[Requirement]:
What you return should be every line of the material, unchanged.

[Given records]:
════

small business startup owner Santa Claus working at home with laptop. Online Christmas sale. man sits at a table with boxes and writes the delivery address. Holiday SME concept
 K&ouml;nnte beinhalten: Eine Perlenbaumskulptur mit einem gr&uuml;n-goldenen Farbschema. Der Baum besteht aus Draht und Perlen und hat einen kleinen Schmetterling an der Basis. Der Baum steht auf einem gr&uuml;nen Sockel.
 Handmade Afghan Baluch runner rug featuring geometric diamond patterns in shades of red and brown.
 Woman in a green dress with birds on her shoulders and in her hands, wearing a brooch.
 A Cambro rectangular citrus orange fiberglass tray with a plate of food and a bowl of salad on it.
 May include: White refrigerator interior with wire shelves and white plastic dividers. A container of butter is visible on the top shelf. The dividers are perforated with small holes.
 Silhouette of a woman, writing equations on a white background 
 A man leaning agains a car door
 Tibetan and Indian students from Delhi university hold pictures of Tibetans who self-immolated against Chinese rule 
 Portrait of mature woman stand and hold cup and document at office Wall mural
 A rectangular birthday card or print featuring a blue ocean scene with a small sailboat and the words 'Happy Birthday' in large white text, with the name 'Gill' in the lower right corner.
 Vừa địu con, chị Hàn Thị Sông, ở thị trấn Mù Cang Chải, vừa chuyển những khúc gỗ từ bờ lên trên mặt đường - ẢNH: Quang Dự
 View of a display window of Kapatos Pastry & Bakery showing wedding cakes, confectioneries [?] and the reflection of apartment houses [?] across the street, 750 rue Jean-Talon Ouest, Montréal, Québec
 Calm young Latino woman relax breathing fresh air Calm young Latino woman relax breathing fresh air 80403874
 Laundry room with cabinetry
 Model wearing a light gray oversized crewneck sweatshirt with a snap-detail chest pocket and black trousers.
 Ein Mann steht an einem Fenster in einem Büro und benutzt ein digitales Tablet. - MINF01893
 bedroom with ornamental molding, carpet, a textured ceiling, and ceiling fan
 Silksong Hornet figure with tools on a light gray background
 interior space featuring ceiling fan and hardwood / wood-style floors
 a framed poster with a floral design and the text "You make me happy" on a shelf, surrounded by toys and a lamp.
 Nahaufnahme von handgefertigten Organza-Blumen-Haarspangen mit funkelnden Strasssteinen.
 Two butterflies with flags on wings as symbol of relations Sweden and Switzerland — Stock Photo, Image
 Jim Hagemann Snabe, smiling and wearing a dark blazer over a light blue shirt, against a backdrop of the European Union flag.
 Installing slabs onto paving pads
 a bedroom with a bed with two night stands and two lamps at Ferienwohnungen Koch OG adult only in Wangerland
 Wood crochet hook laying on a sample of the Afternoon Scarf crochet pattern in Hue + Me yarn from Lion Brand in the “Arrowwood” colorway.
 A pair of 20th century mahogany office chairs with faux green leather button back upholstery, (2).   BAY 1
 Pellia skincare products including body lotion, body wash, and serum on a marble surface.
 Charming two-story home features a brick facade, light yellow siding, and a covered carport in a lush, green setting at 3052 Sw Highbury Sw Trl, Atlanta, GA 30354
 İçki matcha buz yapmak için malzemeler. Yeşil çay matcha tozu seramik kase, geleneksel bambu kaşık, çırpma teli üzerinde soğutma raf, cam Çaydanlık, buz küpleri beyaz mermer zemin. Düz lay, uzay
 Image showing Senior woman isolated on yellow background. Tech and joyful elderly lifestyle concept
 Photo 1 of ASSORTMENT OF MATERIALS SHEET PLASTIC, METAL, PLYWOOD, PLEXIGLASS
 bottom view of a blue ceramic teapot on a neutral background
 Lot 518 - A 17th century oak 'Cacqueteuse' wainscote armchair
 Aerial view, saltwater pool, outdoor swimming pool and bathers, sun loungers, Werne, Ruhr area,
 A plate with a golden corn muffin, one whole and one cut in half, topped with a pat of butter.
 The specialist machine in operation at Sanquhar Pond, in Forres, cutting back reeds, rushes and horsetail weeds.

════

[Task answer]:
small business startup owner Santa Claus working at home with laptop. Online Christmas sale. man sits at a table with boxes and writes the delivery address. Holiday SME concept
 K&ouml;nnte beinhalten: Eine Perlenbaumskulptur mit einem gr&uuml;n-goldenen Farbschema. Der Baum besteht aus Draht und Perlen und hat einen kleinen Schmetterling an der Basis. Der Baum steht auf einem gr&uuml;nen Sockel.
 Handmade Afghan Baluch runner rug featuring geometric diamond patterns in shades of red and brown.
 Woman in a green dress with birds on her shoulders and in her hands, wearing a brooch.
 A Cambro rectangular citrus orange fiberglass tray with a plate of food and a bowl of salad on it.
 May include: White refrigerator interior with wire shelves and white plastic dividers. A container of butter is visible on the top shelf. The dividers are perforated with small holes.
 Silhouette of a woman, writing equations on a white background 
 A man leaning agains a car door
 Tibetan and Indian students from Delhi university hold pictures of Tibetans who self-immolated against Chinese rule 
 Portrait of mature woman stand and hold cup and document at office Wall mural
 A rectangular birthday card or print featuring a blue ocean scene with a small sailboat and the words 'Happy Birthday' in large white text, with the name 'Gill' in the lower right corner.
 Vừa địu con, chị Hàn Thị Sông, ở thị trấn Mù Cang Chải, vừa chuyển những khúc gỗ từ bờ lên trên mặt đường - ẢNH: Quang Dự
 View of a display window of Kapatos Pastry & Bakery showing wedding cakes, confectioneries [?] and the reflection of apartment houses [?] across the street, 750 rue Jean-Talon Ouest, Montréal, Québec
 Calm young Latino woman relax breathing fresh air Calm young Latino woman relax breathing fresh air 80403874
 Laundry room with cabinetry
 Model wearing a light gray oversized crewneck sweatshirt with a snap-detail chest pocket and black trousers.
 Ein Mann steht an einem Fenster in einem Büro und benutzt ein digitales Tablet. - MINF01893
 bedroom with ornamental molding, carpet, a textured ceiling, and ceiling fan
 Silksong Hornet figure with tools on a light gray background
 interior space featuring ceiling fan and hardwood / wood-style floors
 a framed poster with a floral design and the text "You make me happy" on a shelf, surrounded by toys and a lamp.
 Nahaufnahme von handgefertigten Organza-Blumen-Haarspangen mit funkelnden Strasssteinen.
 Two butterflies with flags on wings as symbol of relations Sweden and Switzerland — Stock Photo, Image
 Jim Hagemann Snabe, smiling and wearing a dark blazer over a light blue shirt, against a backdrop of the European Union flag.
 Installing slabs onto paving pads
 a bedroom with a bed with two night stands and two lamps at Ferienwohnungen Koch OG adult only in Wangerland
 Wood crochet hook laying on a sample of the Afternoon Scarf crochet pattern in Hue + Me yarn from Lion Brand in the “Arrowwood” colorway.
 A pair of 20th century mahogany office chairs with faux green leather button back upholstery, (2).   BAY 1
 Pellia skincare products including body lotion, body wash, and serum on a marble surface.
 Charming two-story home features a brick facade, light yellow siding, and a covered carport in a lush, green setting at 3052 Sw Highbury Sw Trl, Atlanta, GA 30354
 İçki matcha buz yapmak için malzemeler. Yeşil çay matcha tozu seramik kase, geleneksel bambu kaşık, çırpma teli üzerinde soğutma raf, cam Çaydanlık, buz küpleri beyaz mermer zemin. Düz lay, uzay
 Image showing Senior woman isolated on yellow background. Tech and joyful elderly lifestyle concept
 Photo 1 of ASSORTMENT OF MATERIALS SHEET PLASTIC, METAL, PLYWOOD, PLEXIGLASS
 bottom view of a blue ceramic teapot on a neutral background
 Lot 518 - A 17th century oak 'Cacqueteuse' wainscote armchair
 Aerial view, saltwater pool, outdoor swimming pool and bathers, sun loungers, Werne, Ruhr area,
 A plate with a golden corn muffin, one whole and one cut in half, topped with a pat of butter.
 The specialist machine in operation at Sanquhar Pond, in Forres, cutting back reeds, rushes and horsetail weeds.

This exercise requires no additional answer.